Will the twelve year old Camp Delta gulag ever close?
RT in Gitmo: Is there end in sight for US ‘Gulag’ 12 years after opening?
Published time: November 14, 2013 20:01 Get short URL
Thirty-eight of the most respected retired generals and admirals have urged the US Senate to close Guantanamo Bay. America’s most notorious military detention facility has reached its 12th anniversary, despite pressure and promises to shut it down.
In a letter to American senators, the retired generals and admirals wrote that they believe it is “imperative” for Congress to address Guantanamo.
“We have always believed that our detention policies should adhere to the rule of law, and that we as a nation are more secure when we do. Guantanamo is a betrayal of American values. The prison is a symbol of torture and justice delayed,” the letter reads.
Reporting from inside Guantanamo Bay, RT’s Anastasia Churkina explained what may be in store for the prison, which has already survived global scrutiny and dealt with torture scandals and hunger strikes.
A total of 779 detainees have been held at Guantanamo Bay since it was established on November 13, 2001, just two months after the 9/11 terror attacks. Today, 164 people remain. Over half of them have been long cleared for release, but remain locked up. A total of six people are currently under trial.
“It’s the policy of the US not to hold anyone longer than necessary, but we also know that whenever we release someone, we assume a risk,” Captain Robert Durand, Guantanamo’s director of public affairs, told RT.
Over a period of more than a decade, the majority of detainees held in the facility have been set free.
“If the men at Guantanamo were really these super-human monsters, ‘the worst of the worst’ to quote Dick Cheney, they wouldn’t have been released,” Guantanamo defense lawyer Ramzi Kassem said.

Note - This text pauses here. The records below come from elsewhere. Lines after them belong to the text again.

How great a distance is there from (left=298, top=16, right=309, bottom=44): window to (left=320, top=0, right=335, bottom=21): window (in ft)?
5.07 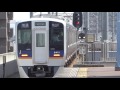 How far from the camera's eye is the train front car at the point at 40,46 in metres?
18.3

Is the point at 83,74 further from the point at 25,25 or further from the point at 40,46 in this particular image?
the point at 25,25

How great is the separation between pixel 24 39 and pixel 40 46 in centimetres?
95

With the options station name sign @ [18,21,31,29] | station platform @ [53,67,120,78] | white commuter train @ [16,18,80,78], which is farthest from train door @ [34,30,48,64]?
station platform @ [53,67,120,78]

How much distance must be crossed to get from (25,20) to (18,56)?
1.87m

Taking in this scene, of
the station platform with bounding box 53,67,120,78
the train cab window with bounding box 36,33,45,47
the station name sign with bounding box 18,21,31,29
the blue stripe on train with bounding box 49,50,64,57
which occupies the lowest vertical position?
the station platform with bounding box 53,67,120,78

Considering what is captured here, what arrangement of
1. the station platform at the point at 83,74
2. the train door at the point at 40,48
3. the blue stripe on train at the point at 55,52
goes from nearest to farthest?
the station platform at the point at 83,74 < the train door at the point at 40,48 < the blue stripe on train at the point at 55,52

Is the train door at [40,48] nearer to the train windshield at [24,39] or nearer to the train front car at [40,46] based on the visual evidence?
the train front car at [40,46]

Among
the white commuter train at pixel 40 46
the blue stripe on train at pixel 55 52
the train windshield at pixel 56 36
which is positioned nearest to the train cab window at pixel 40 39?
the white commuter train at pixel 40 46

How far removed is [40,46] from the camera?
59.9 feet

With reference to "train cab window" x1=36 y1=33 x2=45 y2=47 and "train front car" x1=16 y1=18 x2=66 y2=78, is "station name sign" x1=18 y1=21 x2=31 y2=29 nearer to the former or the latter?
"train front car" x1=16 y1=18 x2=66 y2=78

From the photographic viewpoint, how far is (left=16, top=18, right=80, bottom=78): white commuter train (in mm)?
18281

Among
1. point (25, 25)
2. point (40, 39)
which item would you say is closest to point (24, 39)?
point (25, 25)

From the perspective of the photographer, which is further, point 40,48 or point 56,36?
point 56,36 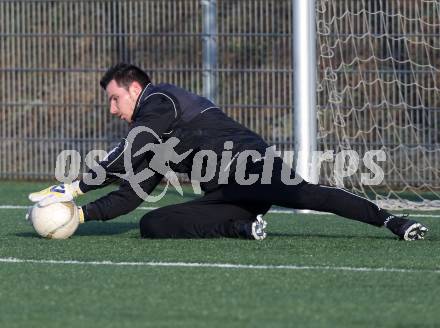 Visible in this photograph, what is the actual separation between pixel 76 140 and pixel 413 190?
4516mm

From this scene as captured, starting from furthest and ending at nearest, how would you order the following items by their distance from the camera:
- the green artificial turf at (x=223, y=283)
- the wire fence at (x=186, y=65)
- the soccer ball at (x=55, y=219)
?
the wire fence at (x=186, y=65), the soccer ball at (x=55, y=219), the green artificial turf at (x=223, y=283)

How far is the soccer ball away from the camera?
896 cm

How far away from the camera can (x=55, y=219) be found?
8.99 metres

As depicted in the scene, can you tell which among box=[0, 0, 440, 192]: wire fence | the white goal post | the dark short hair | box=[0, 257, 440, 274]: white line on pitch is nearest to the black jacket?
the dark short hair

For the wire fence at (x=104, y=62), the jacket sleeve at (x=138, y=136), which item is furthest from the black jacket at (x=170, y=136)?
the wire fence at (x=104, y=62)

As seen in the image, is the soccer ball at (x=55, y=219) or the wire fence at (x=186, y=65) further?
the wire fence at (x=186, y=65)

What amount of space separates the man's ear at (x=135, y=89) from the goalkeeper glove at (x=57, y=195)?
774mm

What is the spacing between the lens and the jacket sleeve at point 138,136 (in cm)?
896

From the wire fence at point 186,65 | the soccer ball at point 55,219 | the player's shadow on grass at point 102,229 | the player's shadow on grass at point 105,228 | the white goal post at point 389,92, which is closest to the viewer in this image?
the soccer ball at point 55,219

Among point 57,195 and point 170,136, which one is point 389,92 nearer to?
point 170,136

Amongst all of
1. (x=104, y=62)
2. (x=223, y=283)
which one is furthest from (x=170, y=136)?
A: (x=104, y=62)

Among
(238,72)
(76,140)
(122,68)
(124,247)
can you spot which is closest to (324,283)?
(124,247)

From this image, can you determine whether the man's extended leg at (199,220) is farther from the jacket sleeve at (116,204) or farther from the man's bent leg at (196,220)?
the jacket sleeve at (116,204)

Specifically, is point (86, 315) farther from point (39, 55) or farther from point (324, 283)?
point (39, 55) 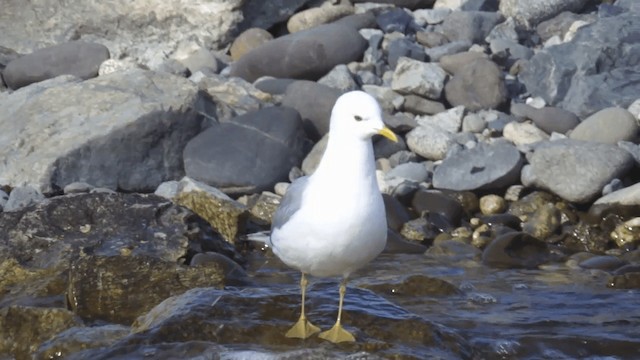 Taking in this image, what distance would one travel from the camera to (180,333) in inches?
252

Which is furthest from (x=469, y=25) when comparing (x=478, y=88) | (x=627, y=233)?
(x=627, y=233)

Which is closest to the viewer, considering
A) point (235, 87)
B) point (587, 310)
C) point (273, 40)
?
point (587, 310)

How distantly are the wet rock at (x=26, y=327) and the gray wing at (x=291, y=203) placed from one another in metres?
1.52

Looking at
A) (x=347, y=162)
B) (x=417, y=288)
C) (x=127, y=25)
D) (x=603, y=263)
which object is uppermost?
(x=347, y=162)

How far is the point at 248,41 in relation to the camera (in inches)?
573

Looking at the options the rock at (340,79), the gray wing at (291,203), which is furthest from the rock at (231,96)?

Most of those still locked up have not been charged and are being held indefinitely.
“What sort of a black hole of a limbo are we existing in, where the President of the United States simply refuses to say they’re innocent,” former detainee Moazzam Begg said.
‘It’s very easy to end Gitmo, but only the president can do it’
However, US officials say that the law of war reigns behind the barbed wire.
“The idea is that in a war, when you capture folks, you as a capturing authority are permitted to hold people during the duration of hostilities. When hostilities end, or if there is no longer any legitimate purpose to hold the men, they must be released,” Guantanamo detainee lawyer Martha Rayner.
But the war on terror has no geographic borders, with men once held in Gitmo repatriated to a wide array of countries.
“The rules that are applied in Guantanamo are only specific to Guantanamo. You couldn’t even have a Guantanamo case heard on the US mainland, because it would be unconstitutional and illegal,” a former inmate by the name of Begg said.
The war on terror also has no end in sight, and national security is used as an excuse to ignore the law, according to Kassem.
“Despite the rhetoric, it really isn’t about national security, or prisoners being so dangerous that they can’t possibly be released,” he said. That just “can’t be true.”
After being locked up, the legal process moves at a glacial pace.
According to Captain Durand, last year “five detainees were transferred, two had completed their military commission sentence, two were court ordered released detainees who had been repatriated, and one was a suicide.”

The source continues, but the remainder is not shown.